Referring to fig. 1, the remote monitoring test system for an electric vehicle further includes: and a data pushing service 140, configured to push the test data cached in the second database and the corresponding analysis result to a front end for display. The data pushing service adopts the WebSocket technology to push the real-time cache data to the front end for display in real time, so that the original message and the analysis result can be checked in real time, a checker can monitor and master the test condition in real time, and the problem and error conditions can be checked in time.

Referring to fig. 1, the remote monitoring test system for an electric vehicle further includes: and the system application service 150 is used for performing multidimensional analysis based on the test data cached in the second database, the corresponding analysis result and the statistical result stored in the preset search engine according to the currently performed test item, obtaining an analysis result, and sending the analysis result to the front end for displaying.

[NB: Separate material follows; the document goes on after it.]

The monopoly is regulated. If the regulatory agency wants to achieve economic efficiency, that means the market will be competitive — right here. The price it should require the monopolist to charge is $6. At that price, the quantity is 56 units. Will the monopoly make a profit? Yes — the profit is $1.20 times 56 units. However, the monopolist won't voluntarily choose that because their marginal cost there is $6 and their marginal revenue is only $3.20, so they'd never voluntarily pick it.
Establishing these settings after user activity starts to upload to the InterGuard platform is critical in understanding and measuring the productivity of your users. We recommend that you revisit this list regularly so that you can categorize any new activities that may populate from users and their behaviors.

Illustratively, if the currently performed test item is a charging test, performing multidimensional analysis based on the test data cached in the second database, the corresponding analysis result, and the statistical result stored in the preset search engine to obtain an analysis result includes:

determining whether reverse charging current exists or not based on the analysis result, wherein the duration of the reverse charging current reaches the preset duration, and if the duration of the reverse charging current reaches the preset duration, determining an analysis result that the mechanical verification passes; according to the specification of a test standard GB/T32960 technical Specification of electric vehicle remote service and management System, the preset time is 15 minutes, namely the charging test must ensure to obtain the data 15 minutes after a charging gun is plugged (the reverse charging current can be detected at the moment); generally, the total number of data packets > =90, the time difference between the first packet of data and the last packet of data > =14.5 minutes, and the current in each packet of data is less than 0, and when the above conditions are met, the analysis result that the mechanical verification passes can be determined.

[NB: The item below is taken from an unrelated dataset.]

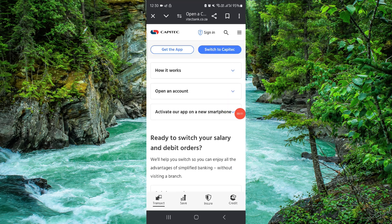So this is how to activate the Capitech app on your new phone. If you find this video helpful, make sure you like, subscribe, and share the video. Thank you for watching.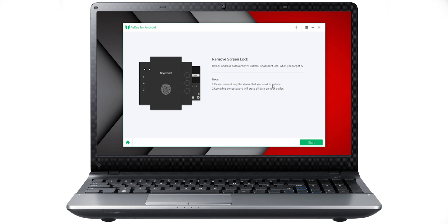If you have a password for your phone, you will have to remove the data from the phone. You will need to connect your phone, then click on the start button.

Analyzing null value rate, null value rate and/or invalid value rate based on the analysis result to obtain a first analysis result; the meaning of the null value rate is the proportion of data messages with null data units in test data, and the calculation mode is as follows: null rate = number of data packets with null data unit/total number of test data packets; the meaning of the zero rate is the proportion of data messages with data units displayed as zero in the test data, and the calculation mode is as follows: zero-value rate = the number of data messages/total number of test data messages with data units in the test data displayed as zero; the meaning of the invalid value is the proportion of data messages of which the data units are displayed as invalid values (FF) in the test data, and the calculation mode is as follows: invalid value = number of data packets/total number of test data packets for which the data unit in the test data shows an invalid value (FF).

Determining the positive and negative of the charging current based on the analysis result, determining the change rate of the residual electric quantity of the automobile battery, and obtaining a second analysis result; wherein the analysis result at least comprises the analysis result passed by the mechanical verification, the first analysis result and the second analysis result.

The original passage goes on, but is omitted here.